A expectativa para 2019 é de que o preço, no mercado exterior, tenha significativa retração. A tonelada, que já chegou a custar US$ 3,3 mil, em janeiro de 2017, não passa dos US$ 2,7 mil, neste ano. A previsão é de que vá se mantendo em torno de 20% a menos do que foi pago em 2018.

Expectativa é de evolução a partir de março
O ciclo se repete em todos os anos. No período de calor, a produtividade mantém-se e o consumo reduz sensivelmente. Isto faz com que seja reduzido o valor pago ao produtor, que vê o custo da propriedade se manter e até subir, enquanto aguarda o pagamento pelo que comercializa, que costuma ser feito 45 dias pós a entrega. “É preciso uma organização muito boa e um planejamento para conseguir garantir o produto com qualidade, sem prejudicar o andamento da propriedade”, enfatiza Marcos Cutti.
O Sindilat, assim como a família Cutti, acredita em uma melhora nos valores, a partir de fevereiro. No próximo mês, a tendência é de que seja bem pouco perceptível, sendo maior significativa a partir de março, até atingir o ápice em julho.
A variação também pode ser percebida nas prateleiras dos supermercados. As grandes redes conseguiram baixar de R$ 2 a caixa do leite UHT. “Ficando neste valor é preocupante, porque a média acaba sofrendo baixas ainda mais significativas”, afirma Darlan Palharini, do Sindilat. Marcos percebe que houve certa recuperação do valor pago pelo consumidor no mercado, mas que isto ainda não chegou à propriedade.
Pesquisadores do Centro de Estudos Avançados em Economia Aplicada (Cepea), da Esalq/USP, que fazem levantamento sobre o valor médio pago em diferentes partes do país, já havia projetado a baixa para janeiro. Também acreditam que fevereiro deve ter cotações melhores, sinalizando certa recuperação. Isto, porque a oferta não está se elevando de forma intensa e a disputa das empresas por matéria-prima pode elevar os valores do produto. Passa a ter maior peso, quando o leite tem sua finalidade definida. Como a produção dos Cutti é direcionada, basicamente, para a fabricação de queijo, eles mantêm o leite com características próprias para isto, o que faz com que tenha valor agregado.
Melhor
Por mais que possa apresentar recuperação, a partir do próximo mês, os pesquisadores acreditam que deva superar 2018, mas ficar abaixo de 2017, no mercado interno. Uma luz no fim do túnel, no entanto, pode ser entendida como boa notícia.
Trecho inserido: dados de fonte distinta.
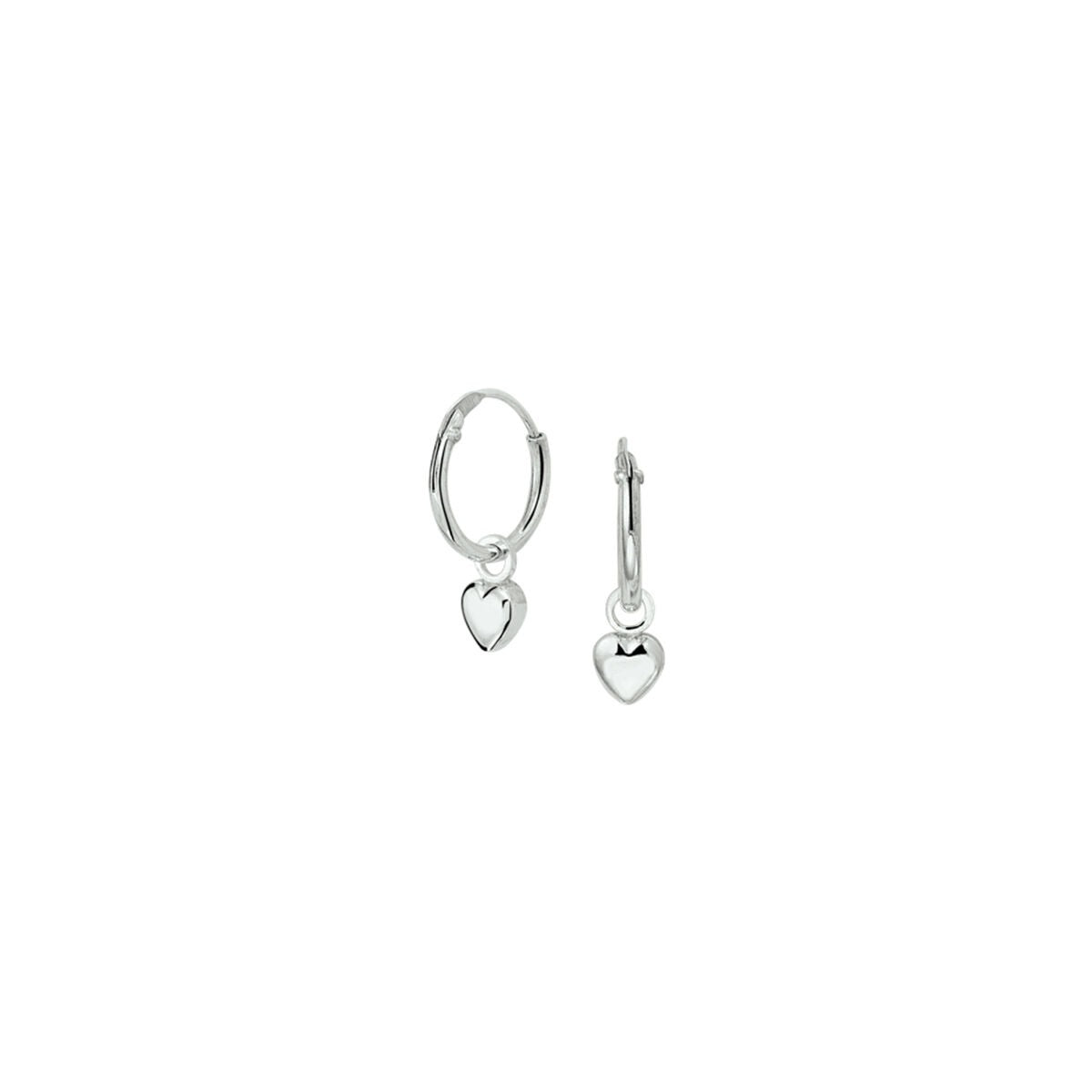 Boucles d'oreilles en argent rhodié avec un pendentif en forme de cœur.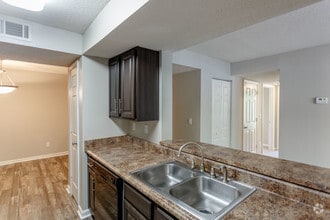 Interior Photo - MAA Nashville West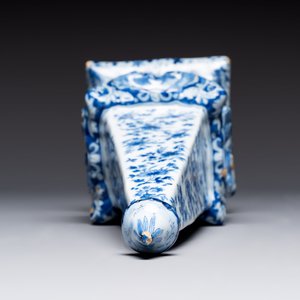 A blue and white Dutch Delft obelisk, late 17th C. — photo 9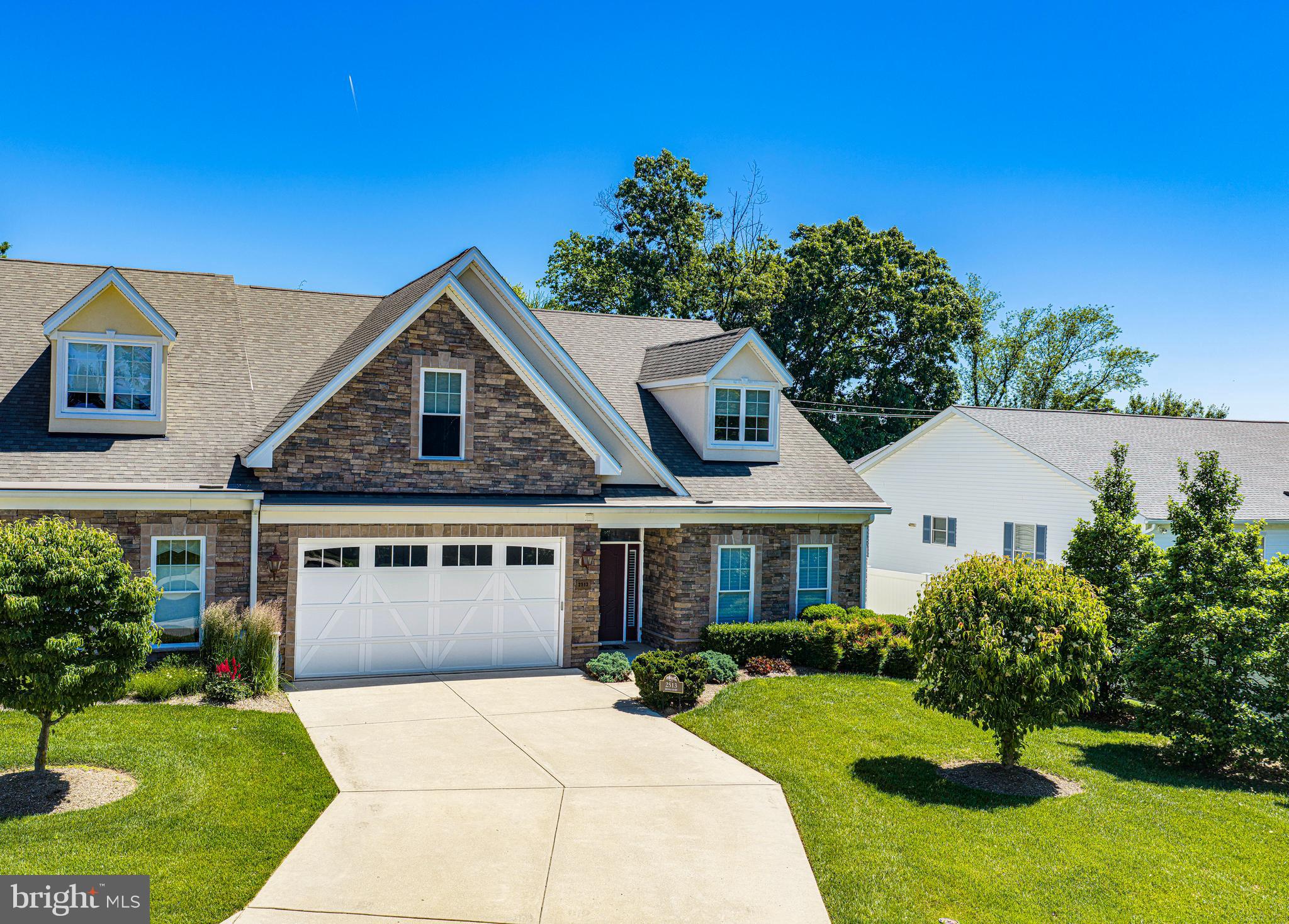 BENTLEY RIDGE - Residential
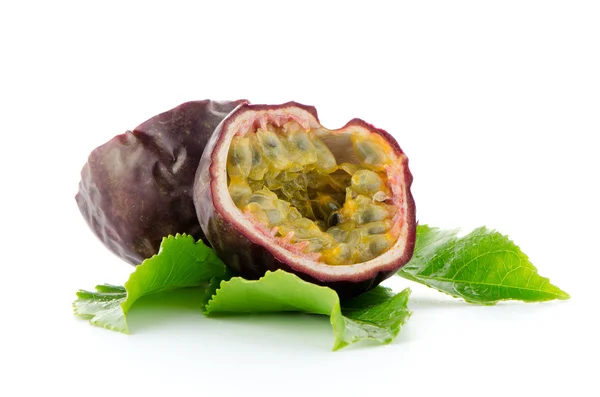 Fresh passion fruit — Stock Photo, Image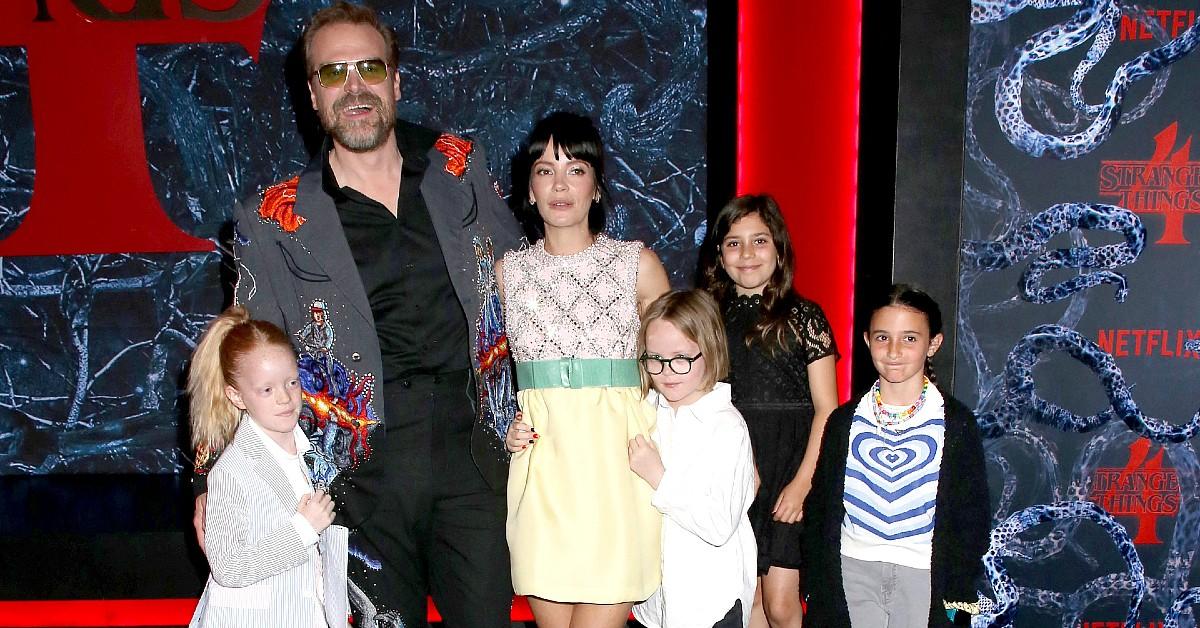 Photo of  Lily Allen and David Harbour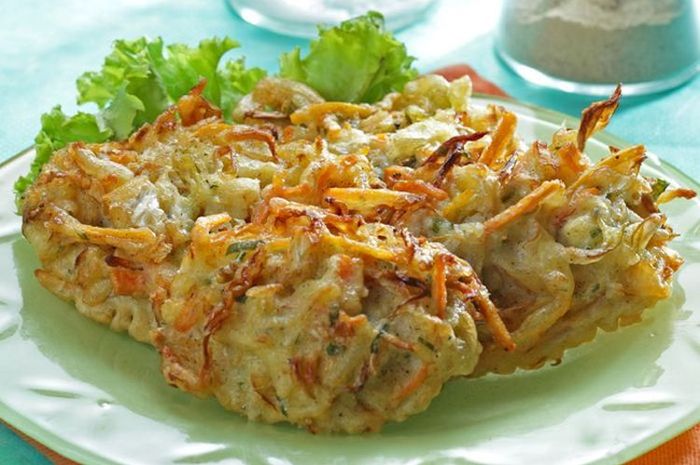 Kita bisa membuat sendiri bakwan goreng yang awet crispy asal tahu rahasianya.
O mercado trabalha com a expectativa de crescimento da economia, com a inflação controlada, e isto reflete no consumo.
Assim, mesmo que com projeção de 2,5% de elevação, o que é considerado pouco, o brasileiro deve ter aumento no poder de compra, ajustando a questão da oferta e da demanda, o que diminui a possibilidade de preços despencando, principalmente, no primeiro trimestre.